### WORK TO COMPLETE:
Transcribe the listing verbatim. Do not carry over any pictures.

### RECORDED DATA:
>>>>>

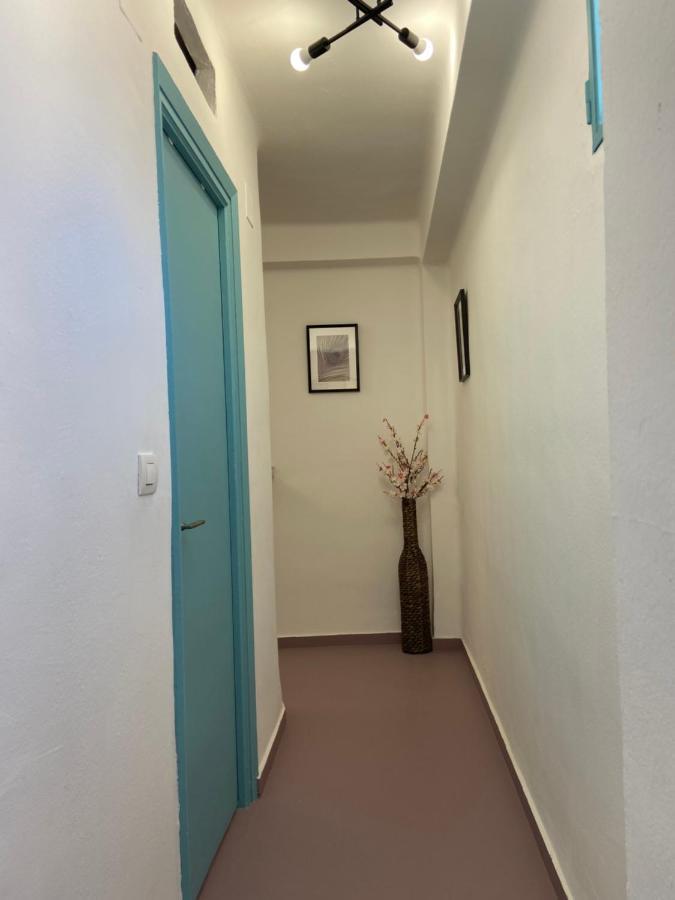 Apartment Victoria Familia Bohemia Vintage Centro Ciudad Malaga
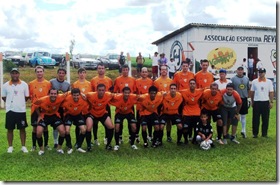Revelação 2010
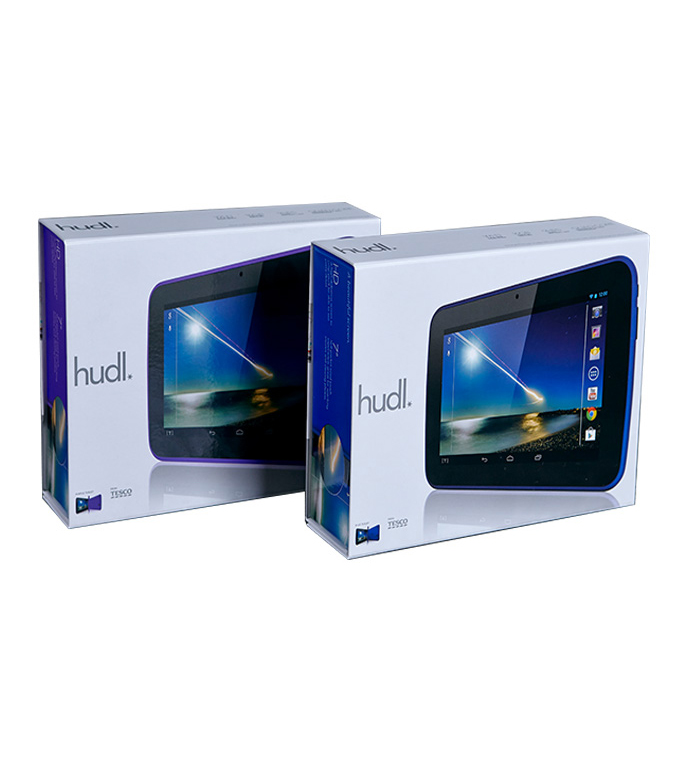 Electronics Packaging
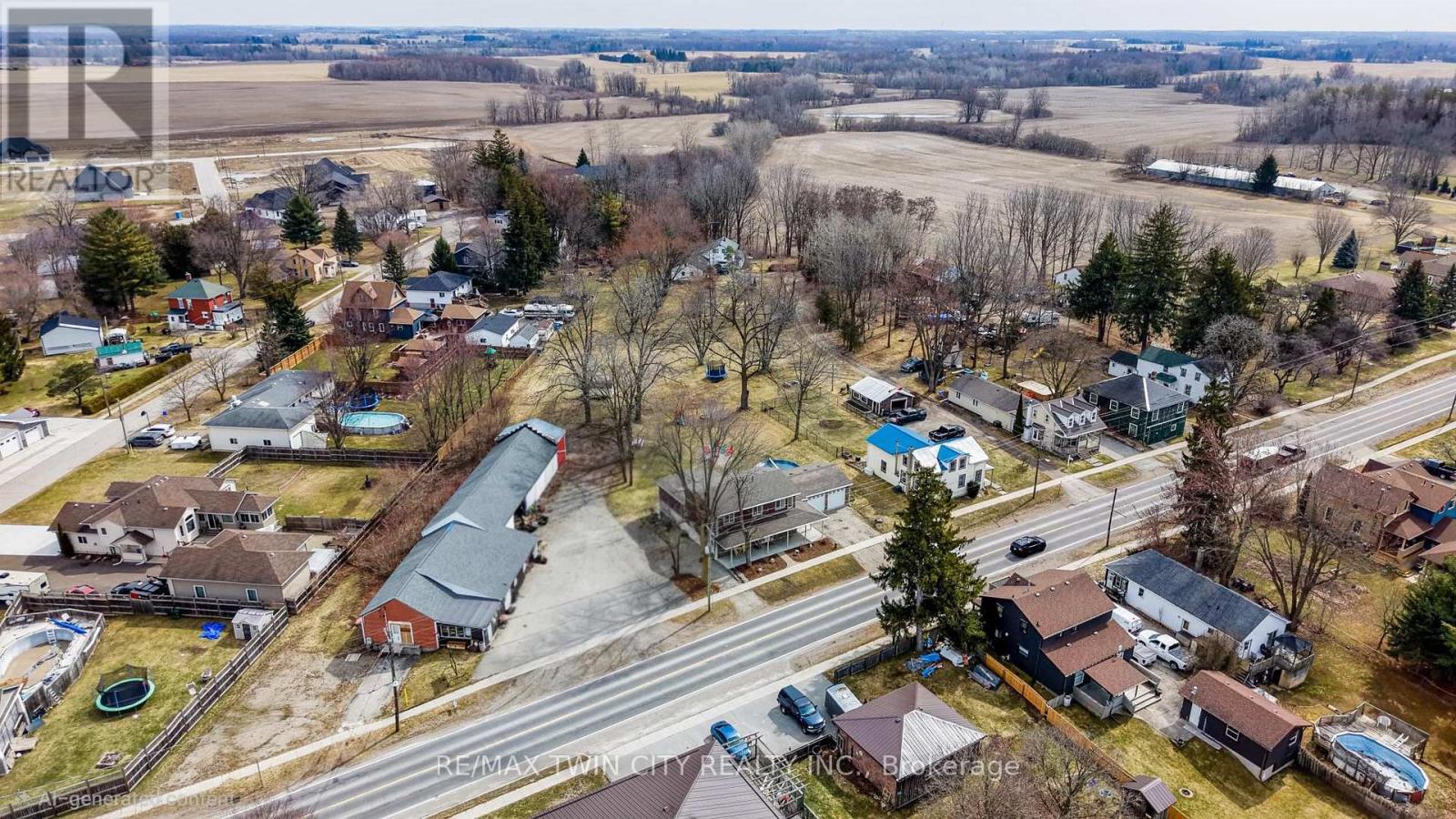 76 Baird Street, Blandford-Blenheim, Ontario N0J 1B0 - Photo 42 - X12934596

<<<<<

### ANSWER TO THIS EXERCISE:
 Apartment Victoria Familia Bohemia Vintage Centro Ciudad Malaga
Revelação 2010
 Electronics Packaging
 76 Baird Street, Blandford-Blenheim, Ontario N0J 1B0 - Photo 42 - X12934596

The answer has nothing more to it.